> **What you have to do**
Could you repeat every line below exactly, skipping the images?

> **Data shown**

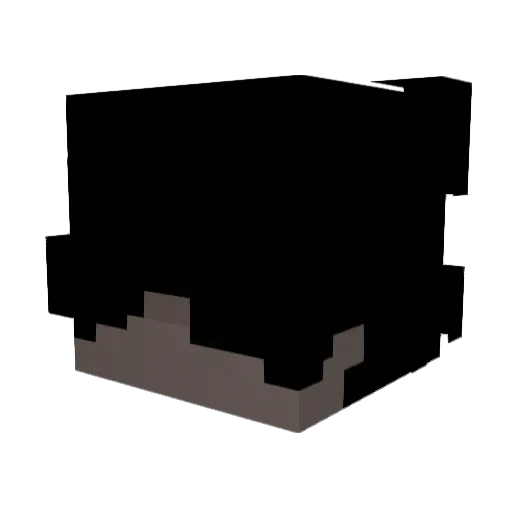 2muchgxnja Minecraft avatar head, 3D render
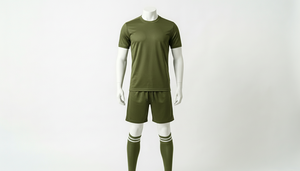 Tenue d'entraînement de football pour hommes, entièrement noire ou entièrement blanche, respirante, légère, pour la compétition estivale, pour adultes - Product Image 3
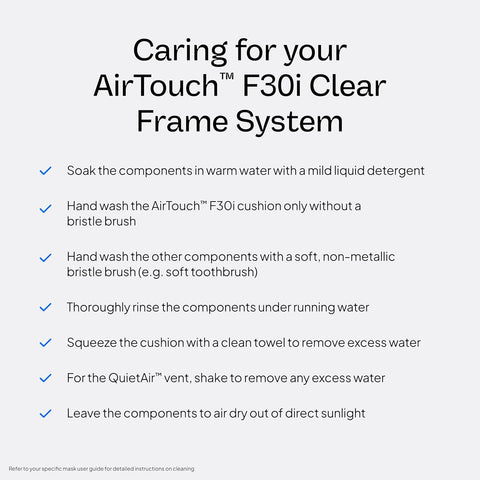Resmed AirTouch F30i Clear Frame System, Medium Cushion/Large Frame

> **Exercise answer**
 2muchgxnja Minecraft avatar head, 3D render
 Tenue d'entraînement de football pour hommes, entièrement noire ou entièrement blanche, respirante, légère, pour la compétition estivale, pour adultes - Product Image 3
Resmed AirTouch F30i Clear Frame System, Medium Cushion/Large Frame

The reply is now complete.